WORK TO COMPLETE:
Exact copy, pictures excluded: set down only the lines from the one with "Armadio a muro" through the end of the entries, keeping both end lines.
======== RECORDS TO PROCESS
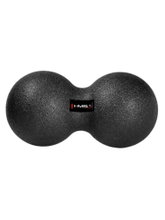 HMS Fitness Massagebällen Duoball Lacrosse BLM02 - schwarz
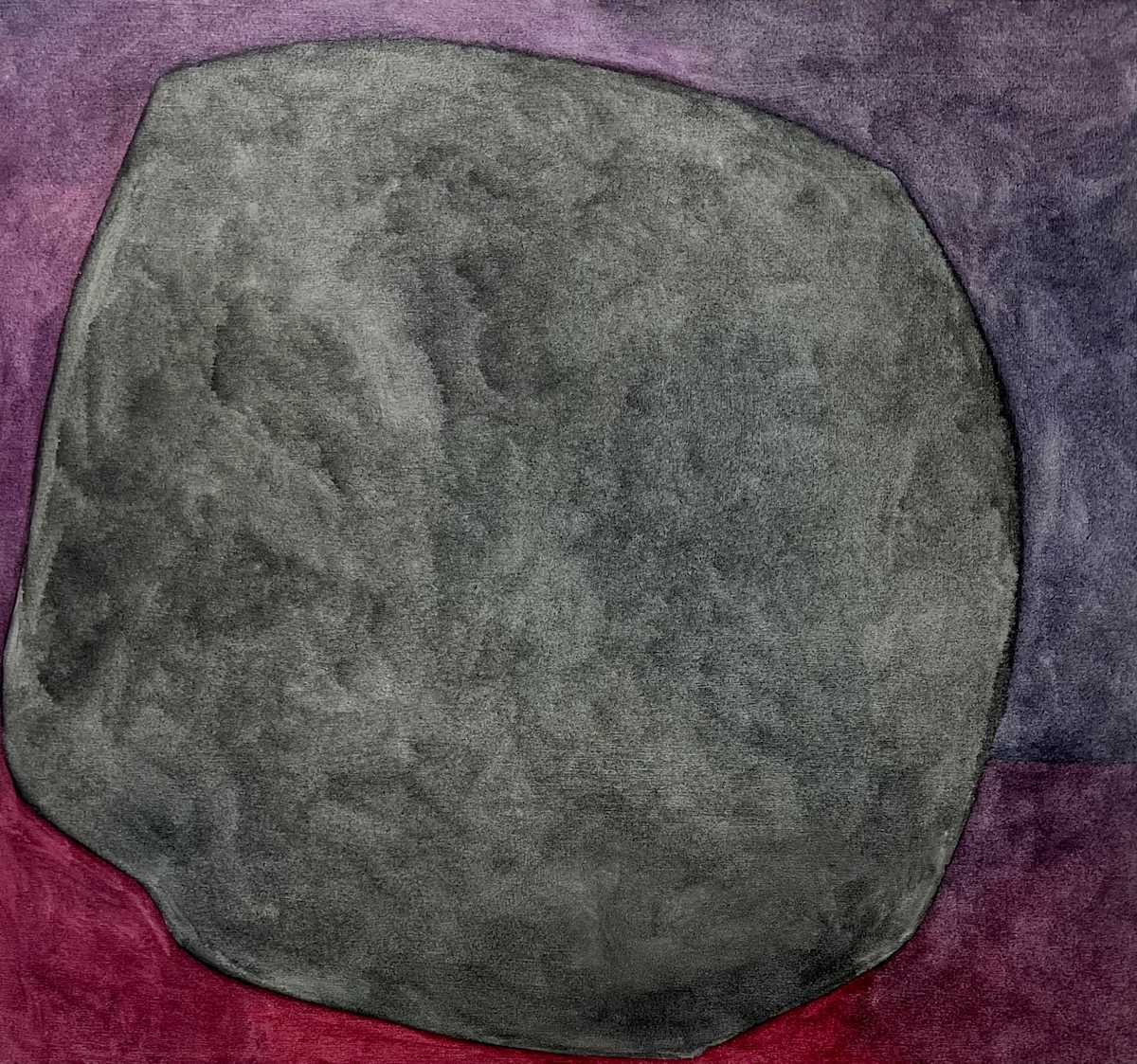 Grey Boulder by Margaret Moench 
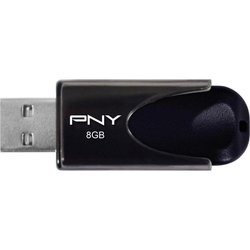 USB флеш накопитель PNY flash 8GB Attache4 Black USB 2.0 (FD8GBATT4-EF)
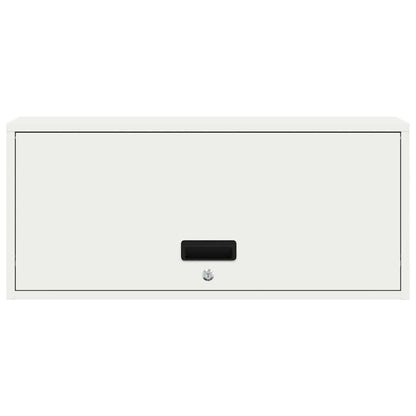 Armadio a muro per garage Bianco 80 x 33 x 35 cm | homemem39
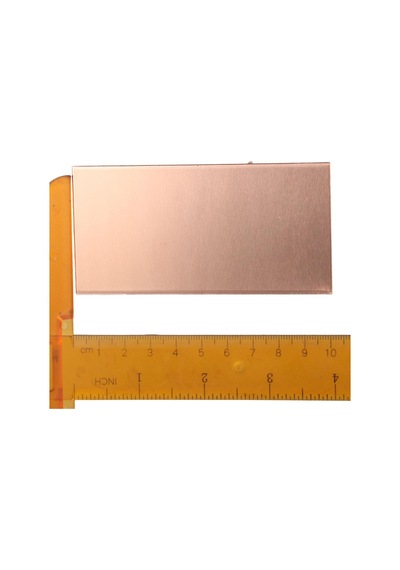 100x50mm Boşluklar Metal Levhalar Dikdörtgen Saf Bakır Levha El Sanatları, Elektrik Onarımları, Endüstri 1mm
================
TASK RESULT:
 Armadio a muro per garage Bianco 80 x 33 x 35 cm | homemem39
 100x50mm Boşluklar Metal Levhalar Dikdörtgen Saf Bakır Levha El Sanatları, Elektrik Onarımları, Endüstri 1mm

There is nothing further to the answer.